Here $S_N:=a_{0}I+a_1{J}_{A_1}+a_2{J}_{A_2}+\cdots +a_N{J}_{A_N}$ with $J_{A_i}={(I+A_i)}^{-1}$, for $i=1,2,\dots ,N$. $0<a_k<1$, for $k=0,1,2,\dots ,N$, and ${\sum }_{k=0}^N{a}_k=1$. Then $\{x_n\}$ converges strongly to the common point in $N(A_i)$, where $i=1,2,\dots ,N$.
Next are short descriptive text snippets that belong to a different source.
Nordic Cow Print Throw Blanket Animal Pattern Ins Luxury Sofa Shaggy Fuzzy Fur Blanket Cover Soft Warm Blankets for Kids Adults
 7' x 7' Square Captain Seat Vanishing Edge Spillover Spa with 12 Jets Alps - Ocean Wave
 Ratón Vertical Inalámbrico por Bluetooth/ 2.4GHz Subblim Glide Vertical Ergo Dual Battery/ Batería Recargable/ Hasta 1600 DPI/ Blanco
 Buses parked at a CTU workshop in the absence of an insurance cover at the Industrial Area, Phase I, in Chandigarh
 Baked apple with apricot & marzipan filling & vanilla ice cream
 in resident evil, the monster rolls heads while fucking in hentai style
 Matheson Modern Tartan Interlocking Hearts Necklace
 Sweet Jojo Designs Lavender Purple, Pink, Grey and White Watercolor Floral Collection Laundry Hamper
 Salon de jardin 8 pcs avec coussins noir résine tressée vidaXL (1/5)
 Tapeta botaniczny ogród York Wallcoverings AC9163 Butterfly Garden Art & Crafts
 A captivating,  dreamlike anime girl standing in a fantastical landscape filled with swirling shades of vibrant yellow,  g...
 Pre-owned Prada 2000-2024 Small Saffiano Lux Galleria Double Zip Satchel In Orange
How do we show the convergence of the iterative sequence $\{x_n\}$ in (1.8) if β loses the additional condition (1.7)? How about the convergence of $\{x_n\}$ if different $A_i$ has different coefficient in (1.8)?

To answer these questions, Wei and Tan presented the following iterative scheme in [18]:

$$\begin{array}{r}{x}_1\in C,\\ u_n=Q_C[(1-{\alpha }_n)(x_n+e_n)],\\ v_n=(1-{\beta }_n)x_n+{\beta }_n{S}_n{u}_n,\\ x_{n+1}={\gamma }_n{x}_n+(1-{\gamma }_n)S_n{v}_n,n\ge 1,\end{array}$$

(1.9)

where $\{e_n\}\subset E$ is the error sequence and ${\{A_i\}}_{i=1}^N$ is a finite family of m-accretive mappings. $S_n:=a_{0}I+a_1{J}_{r_{n,1}}^{A_1}+a_2{J}_{r_{n,2}}^{A_2}+\cdots +a_N{J}_{r_{n,N}}^{A_N}$, $J_{r_{n,i}}^{A_i}={(I+r_{n,i}{A}_i)}^{-1}$, for $i=1,2,\dots ,N$, ${\sum }_{k=0}^N{a}_k=1$, $0<a_k<1$, for $k=0,1,2,\dots ,N$. Some strong convergence theorems are obtained.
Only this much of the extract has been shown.